My friend had been doing it for four months and when I last saw him he was the size of a small wildebeest. He turned up to my birthday and I was not even sure it was him. Surely there must be something to this craze, to turn my slovenly sloth-like friend into a demigod.
I turned up to my free intro session and I was hooked. I was dead for the next week while I waited for my "On Ramp" course. This is a course to introduce you to the safety of the movements. It went over two weeks and I learned how to Crossfit, as they say.
Naturally I wanted to get straight into it, and lift the heavy weights and do all the movements like the big boys. But early on it was taught to me that that's not what it was about. I got taught that if you work at your level and work safely at that level, you will get stronger and over time I would be one of the people the newbies looked up to.
So I trained and I trained. I'm still nowhere near playing with the big boys, but Crossfit has taught me so much more about who I am as a person. I am now motivated, I can do basic activities without sweating. To me this is all the benefit I need.
Crossfit gets given a lot of grief when it is done wrong. The common cause is trainers who are just in it for the money. So in the States there have been heaps of gyms opening up after doing their three-day affiliate course.
Where I train, the coaches have been PTI's in the army, and all of them have a fitness background. The intern programme means that no one is going to allow people to be unsafe while training. You can get called out pretty quickly if you are doing a movement wrong. Other members care more about you and your safety than you do at times.
Poorly trained personal trainers are everywhere. But at Mount Crossfit, I would trust the coaches with my life, because they actually look after you.
The kipping pull up is a contentious issue, and a very easy target. If they were only used in competitions they would be done correctly. Ripped hands are signs of idiots I agree. But sometimes it happens and instead of wearing them like badge of honour, proper care needs to be taken to prevent it happening again.
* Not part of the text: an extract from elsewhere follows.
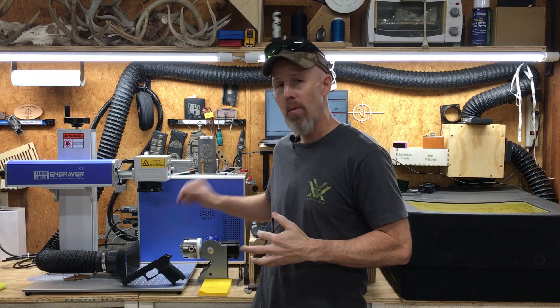Etching is out with the fiber laser. Let's move over to the diode and see what it'll do. Before you click away, stay tuned to the end because you are going to see that we can achieve some pretty cool stuff on these grip modules with the fiber laser — but I'm saving that for the end.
Injuries occur in every sport. When Crossfit injuries equal the number of injuries sustained in rugby, or running. then something needs to be looked at. A lot of people will hate on new things. My personal view is that if there are people out there trying to get fit, what's the problem?
The coaching in New Zealand is quality, and if you don't listen to what others are saying and you get injured, its not Crossfit's fault. You need to put in the time and effort on technique and mobility first to prevent injury.